BtoB

Improving lead quality with vertical search

By Published on .

Most Popular
Captaris Inc., a Bellevue, Wash.-based document management and work flow solutions company, targets a wide range of business customers such as human resources directors and CIOs. The company created an online advertising strategy fairly early, said Mark Littrell, its director of marketing communications, renting lists and doing e-mail marking. Soon after, Littrell added search engine marketing into the mix with paid placement on Google and Overture.

The keywords he was bidding on, however, quickly became very expensive. At the same time, conversion rates started dropping. Littrell decided to try a vertical strategy after reading about Knowledge Storm, a vertical search company based in Alpharetta, Ga.

Knowledge Storm put Captaris' message in front of buyers who were looking for hardware, software and services, in the form of a featured sponsorship as well as paid inclusion. For instance, Knowledge- Storm search returned links to Captaris white papers.

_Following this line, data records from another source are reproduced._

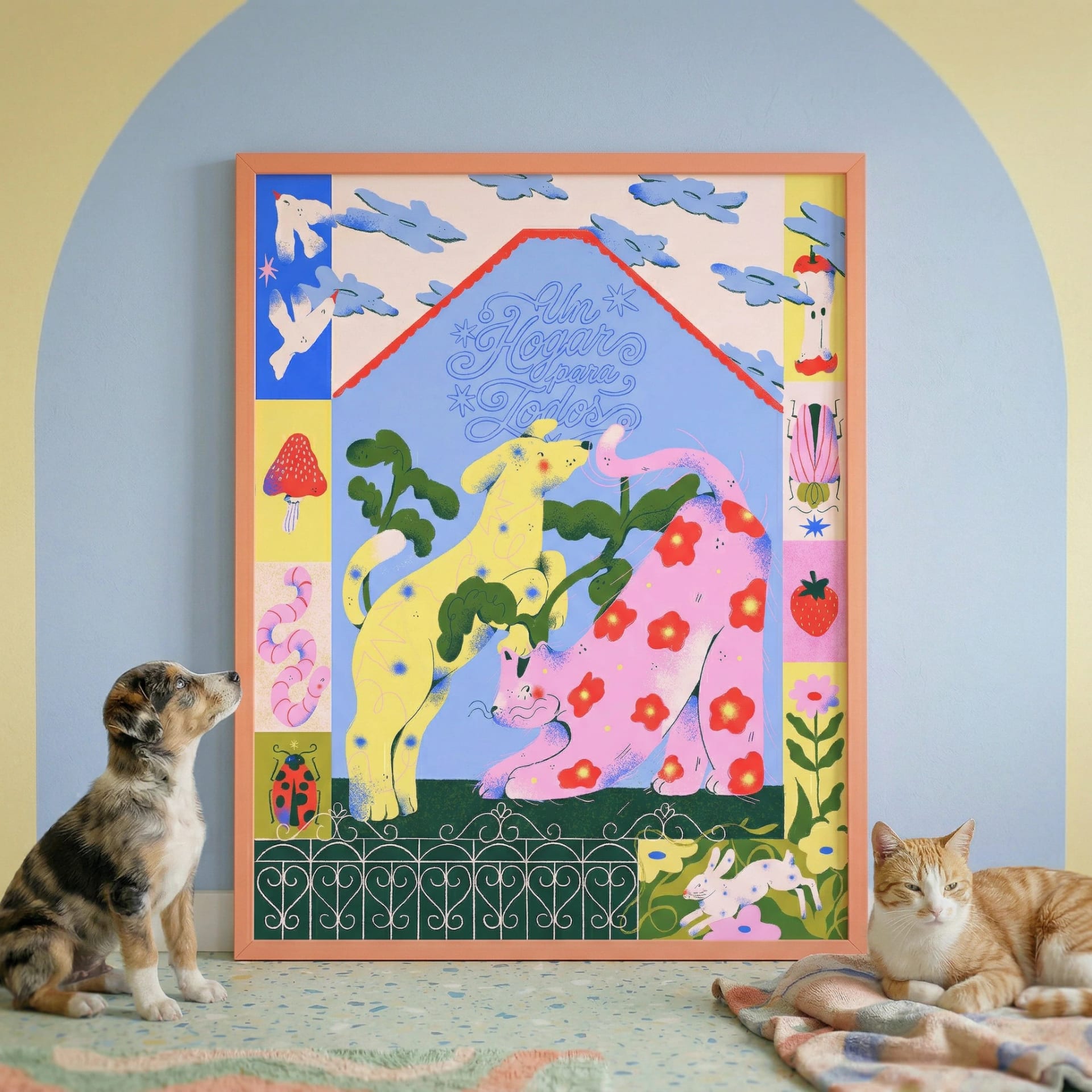 🏡✨ Póster Un Hogar para Todos - imagen 1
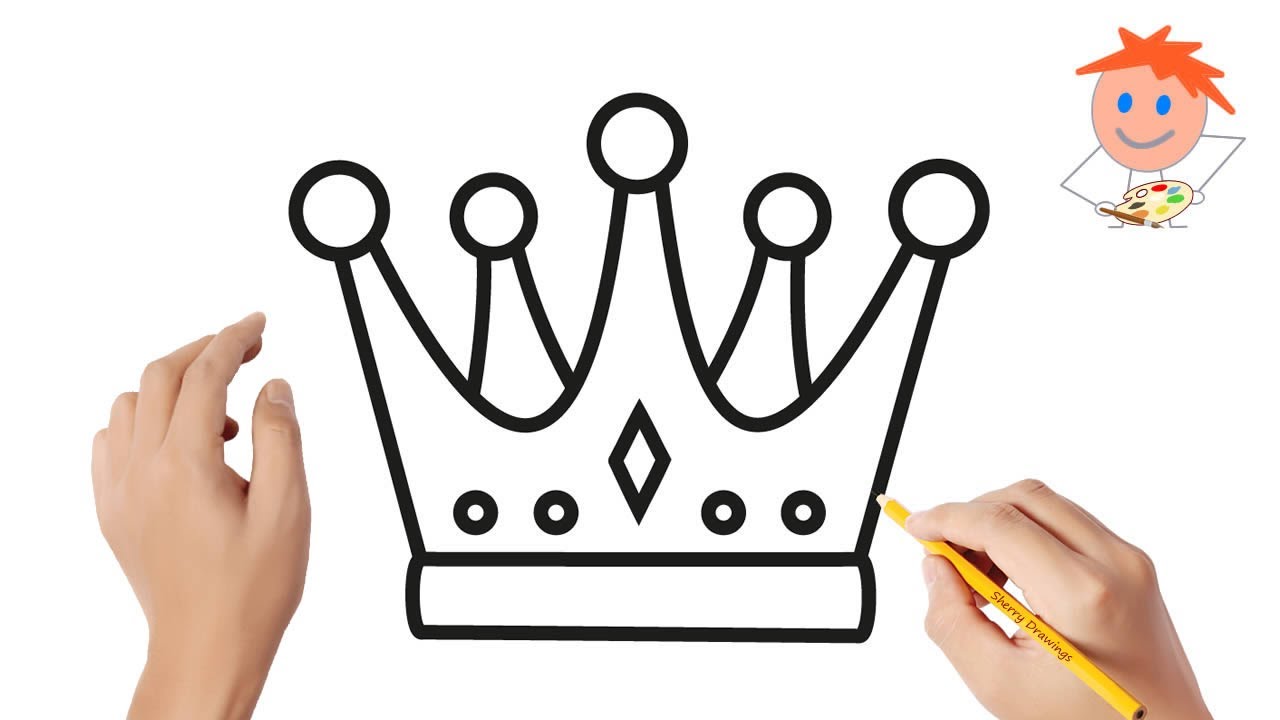 How to draw a crown | Easy drawings - YouTube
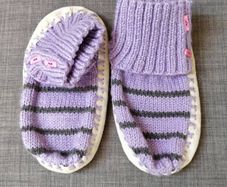 Brand new handmade slippers size 4 1/2 - 5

It also helped vet Littrell's prospects by doing prequalification.

The real difference Littrell said he saw between using a vertical engine and a general one is that the vertical engines have fewer click-throughs, but the people who do click through are typically better qualified. This makes it easier for him to choose keyword purchases. For example, because Captaris helps medical organizations organize and retrieve medical records, the company thought the phrase "medical records" would be a good keyword purchase. Unfortunately, it didn't work that well on Google, he said, although it's a smart fit on Knowledge Storm.

"A lot of the clicks we got on Google were from people who were looking for their medical records from their 1973 hernia operation," he said. "It wasn't a bad term, but we were using it to target the wrong audience. That's where vertical search is powerful. It does part of the work for you by finding the right audience."

This automatic selection is the reason Littrell said his cost-per-lead is about 50% less on Knowledge- Storm than it is on Google.com. It's also why Captaris is splitting its search engine spend 60/40 in favor of vertical search.

The company tracks cost-per-lead and cost-per-sale. "Since we're a channel organization, there are a lot of challenges around getting that data, but it's still the goal," Littrell said. "It's about determining how many opportunities we are turning out of those leads because, without analysis, it could look like we have a very low cost per lead [using general search engines] but in reality, our cost-per-opportunity is very high."

Littrell said he knows it's easy to drive down cost-per-lead by giving away things and drive cost-per-sale up by not targeting the right people with the right offer.

Captaris saw such significant results it expanded its vertical search program to several other vertical engines including TechTarget and Techinfocenter. Still, because none of the vertical engines reaches every market Captaris is in, Littrell said he doesn't see his Google investment going away any time soon.

"I'd have to go out and advertise, for instance, on sites that hospital administrators go out to since that's not a vertical that's available to me," he said. "For that I just go to Google."